ABSTRACT After outbreaks of potato brown rot in three different fields in the Netherlands, the fate of the brown rot pathogen, Ralstonia solanacearum biovar 2, was monitored in soil by immunofluorescence colony staining (IFC) supported by R. solanacearum division-2 specific polymerase chain reaction. In selected areas of all fields, the R. solanacearum population densities were initially on the order 10(4) to 10(6) per g of topsoil. These population densities then declined progressively over time. In two fields, however, the pathogen persisted for periods of 10 to 12 months. The survival of a selected R. solanacearum biovar 2 isolate, strain 1609, in three soils, a loamy sand and two different silt loam soils, was further studied in soil microcosm experiments. The effects of temperature and soil moisture content were assessed.

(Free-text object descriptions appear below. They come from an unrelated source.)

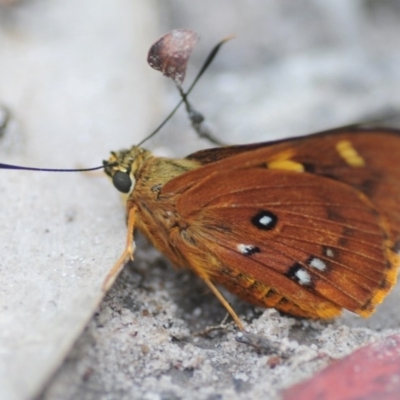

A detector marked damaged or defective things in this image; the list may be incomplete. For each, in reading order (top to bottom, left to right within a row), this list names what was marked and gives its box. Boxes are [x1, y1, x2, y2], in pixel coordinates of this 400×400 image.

rusty orange butterfly [3, 29, 400, 332]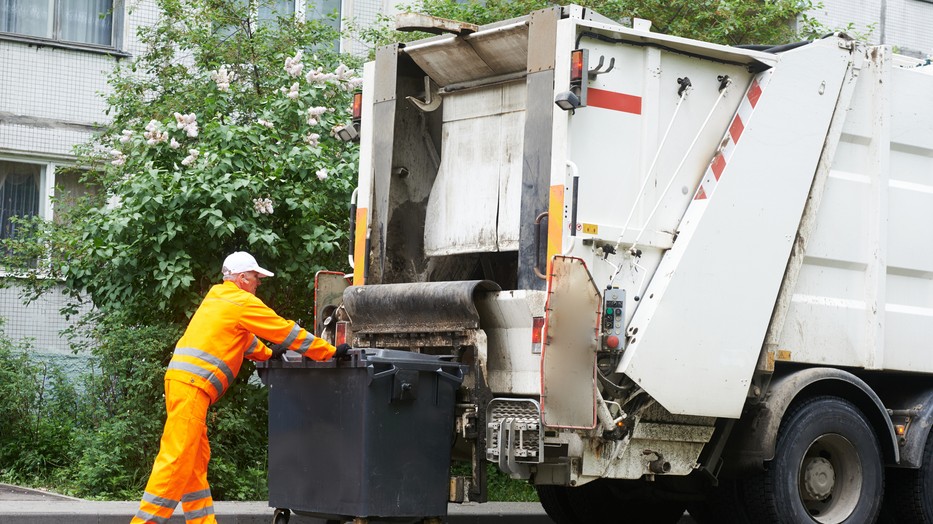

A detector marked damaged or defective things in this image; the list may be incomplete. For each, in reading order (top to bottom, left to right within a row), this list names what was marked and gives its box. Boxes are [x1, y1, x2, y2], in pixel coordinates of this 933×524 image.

rusty metal surface [344, 280, 502, 334]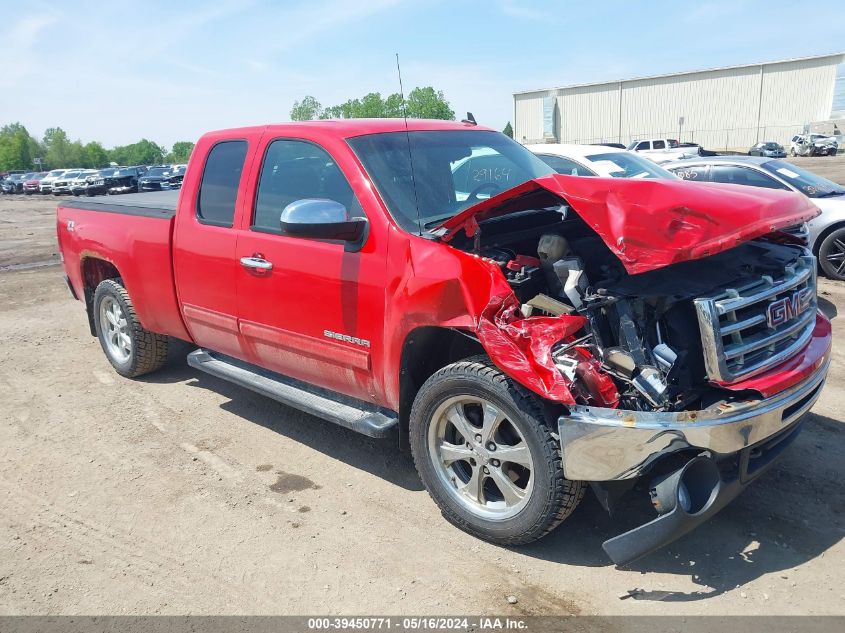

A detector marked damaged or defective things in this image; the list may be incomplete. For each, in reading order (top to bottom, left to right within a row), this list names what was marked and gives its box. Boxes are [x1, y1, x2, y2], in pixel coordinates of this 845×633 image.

crumpled hood [436, 173, 816, 274]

At 12 or 15 and 20 degrees C, a gradual decline of the population densities was observed in all three soils, from the established 10(5) to 10(6) CFU g(-1) of dry soil to significantly reduced levels, occasionally bordering the limit of detection (10(2) CFU g(-1)of dry soil), in periods of approximately 90 to 210 days. Soil type affected the rate of population decline at 20 degrees C, with the greatest decline occurring in loamy sand soil. In all three soils, the survival of IFC-detectable R. solanacearum 1609 cells at 4 degrees C was severely impaired, reflected in an accelerated decline of CFU counts, to undetectable numbers. Moreover, indications were found for the occurrence of viable but nonculturable strain 1609 cells in the loamy sand as well as in one silt loam soil under these conditions. In addition, a single freezing-thawing cycle caused a significant additional reduction of the culturable R. solanacearum 1609 populations in the three soils, though detectable populations remained. Moderate soil moisture fluctuations of approximately pF 2 did not affect the survival of R. solanacearum 1609 in soil. Severe drought, however, drastically reduced the populations of strain 1609 CFU in all three soils.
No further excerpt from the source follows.